Infelizmente,
eu não fui aos protestos que tiveram na semana passada. Na segunda-feira, após
dar aula em um pré-vestibular, fui encontrar com meu pai para jantar. Marcamos uma
hora, mas ele me disse que chegaria depois, porque não estava conseguindo pegar
o metrô. Quando nos encontramos, ele me explicou que havia uma multidão perto
do metrô da Uruguaiana, que é o que ele pega para voltar do trabalho. Ele me
disse que passou no meio das pessoas e que só via fumaça de gás lacrimogêneo – inclusive
ela o atingiu e deixou seu olho ardendo – ouvia barulhos de bombas de efeito
moral e via também pessoas sendo agredidas e presas. Eu disse a ele “e eu
pensei em ir, pai...”. Ele me respondeu, com uma expressão assustada, “imagina!”.
Meu
pai tem mais de sessenta anos e, na época da Ditadura, era de esquerda, ou
seja, lutava por um país melhor. Hoje, em plena democracia, ele se assustou e
teve medo da filha dele estar em meio a um protesto pela justiça nos preços dos
ônibus. Estou falando isso porque a época da Ditadura foi conturbada e
violenta, em termos políticos. Hoje, vivemos numa democracia em que temos de
ter medo ao pedir pacificamente por melhores preços. Quinta-feira, não fui à
manifestação. Até porque, além do medo da violência exercida por uma minoria
imbecil de manifestantes (isso inclui pichações em patrimônios culturais) e
pelos policiais, fico nervosa em locais com muitas pessoas. Ou seja, eu não
conseguiria correr, se precisasse; não seria uma boa ideia.
Hoje,
eu queria ir, mas não posso. No horário do protesto estarei dando aula e eu não
deixo meus alunos na mão. Dou aula para um pré-vestibular comunitário, ajudando
a levar cultura e conhecimento a pessoas que não tiveram as mesmas
oportunidades de educação que eu tive. Espero que eu esteja conseguindo. Fiquei
bastante satisfeita com os resultados no ano passado – não me refiro às notas,
me refiro à gratificação de alguns por poderem ter essas aulas. Estou também satisfeita
esse ano. O que vejo é um grupo de jovens e adultos que querem passar no
vestibular e estudar; eles participam, me ajudam, me corrigem, me ensinam.

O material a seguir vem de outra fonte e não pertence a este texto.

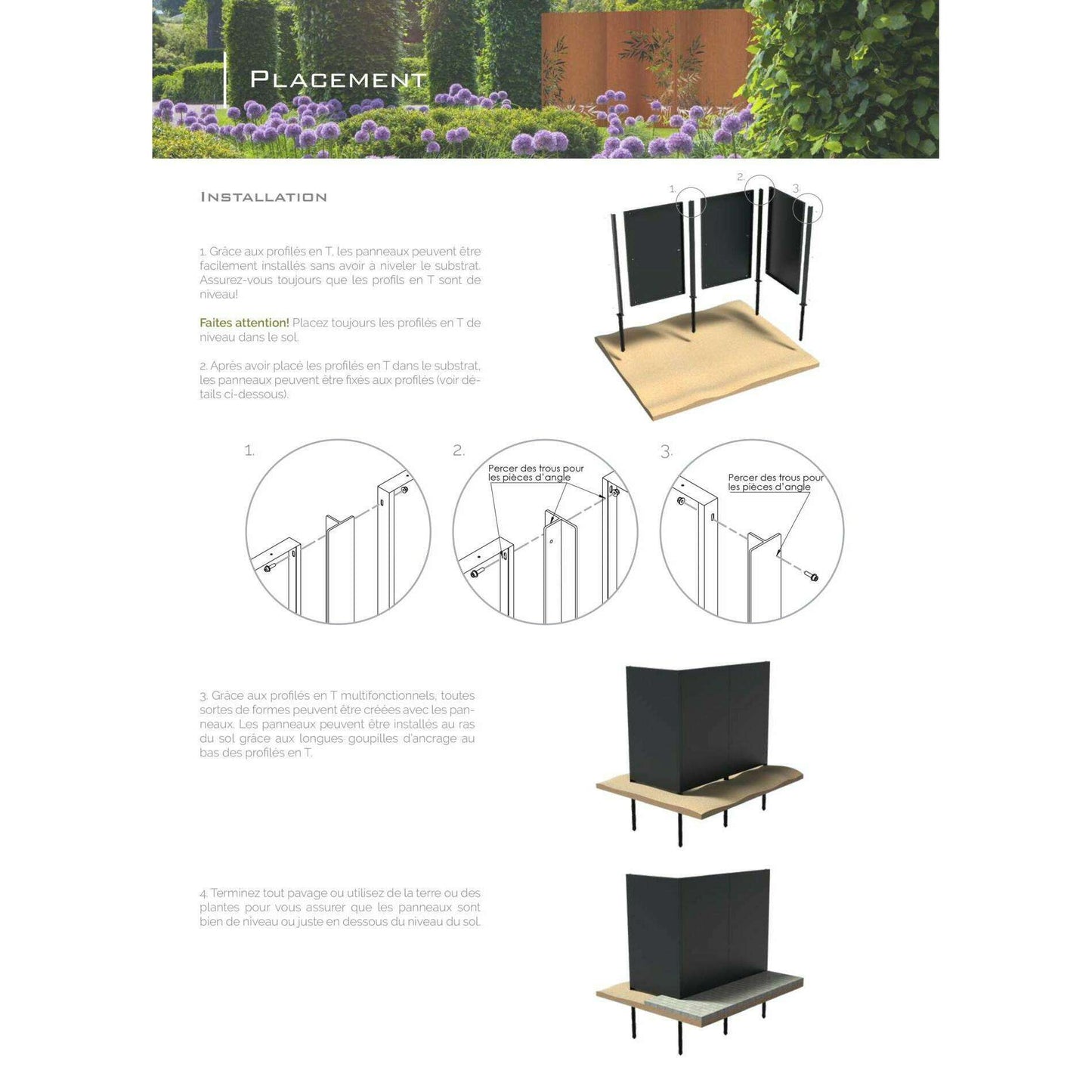 Panneau Acier Corten rouille - décoration jardin terrasse - H.180x110cm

O ensinamento
nas aulas é recíproco, nós nos ajudamos. Falei isso tudo para dizer que eu
queria, sim, ir às ruas hoje para ajudar a mudar o país, mas estarei tentando
mudá-lo de outra forma. No horário em que amigos meus, até alunos meus, e
outras pessoas estarão protestando pela justiça, eu estarei tentando mudar a
educação injusta desse país, fazendo o que posso para isso.
Marina Martins, que está vestindo branco, em homenagem aos protestos.